Looking for a tool that can take multiple RSS feeds, strip duplicate entries and output a single feed. None of the RSS meshing tools I'm seeing seem to offer the duplicate removal. I'm subscribed to searches through 20+ feeds to make sure I catch all available references of a URL on blogs, courtesy of MonitorThis, but the number of duplicates is becoming a big problem.



By: Good Brain

Sun, 09 Apr 2006 11:57:09 -0800

I agree, this is annoying. Also annoying is having multiple feeds in my subscriptions, each with their own POV, pointing to the same article, and yet not having an easy way to read them in a coherent way.

One of my little learning projects was/is to make a "feed condenser" that could remove dupes from search feeds and also create a summary feed when multiple blogs link the same article. I haven't done anything with it though.

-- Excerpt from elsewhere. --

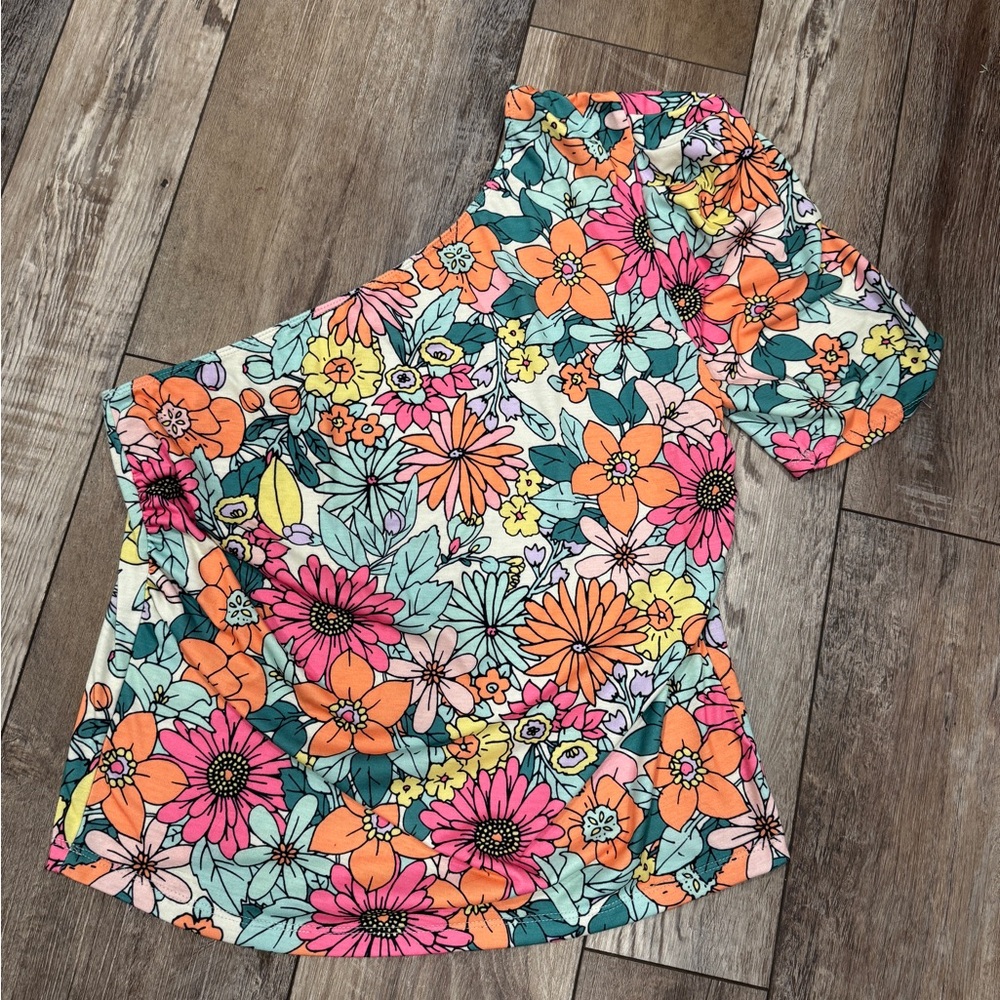 One-Shoulder Floral Top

I remain suprised that someone else hasn't solved the problem. Memeorandum kind of does the summarization, but it starts with the feeds that someone else finds important. That already has its own problems for tech news and current events. It doesn't work at all if you are interested in a niche subject.



By: AmbroseChapel

Sun, 09 Apr 2006 16:11:53 -0800

This would be a very simple programming task -- the reason someone hasn't done it is probably because there's no demand.

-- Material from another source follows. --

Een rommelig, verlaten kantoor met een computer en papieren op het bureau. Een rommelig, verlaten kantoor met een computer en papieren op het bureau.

For one thing, there's a difference between one person saying "Look at this article! How dare they say that!" and another saying "Check this article out, they are so right!" i.e. there's a context to the link which most people probably want.

For another, there might be a problem with deciding what exactly is the same URL -- the analysis and re-writing of New York Times URLs alone is a subject you could write a book about.

And thirdly, which one should "win" when you have two or more stories linking to the same URL? The first? The last, or don't you care?

If you can give me a URL which will return all your many RSS feeds, I can write a Perl script which will strip out duplicates and return a single feed with only one item per URL, and I bet lots of other people could so the same in 20 other languages. What kind of a computer do you have, or would this be better as a CGI script you'd run via a browser?



By: Chuck Cheeze

Sun, 09 Apr 2006 20:22:31 -0800

What you are looking for is CaRP. An Excellent piece of software that runs in PHP and MySQL. I am using it on my site here to aggregate 3 feeds into one. It has a bajillion options and works really well. Try the free version, the paid version can filter dups.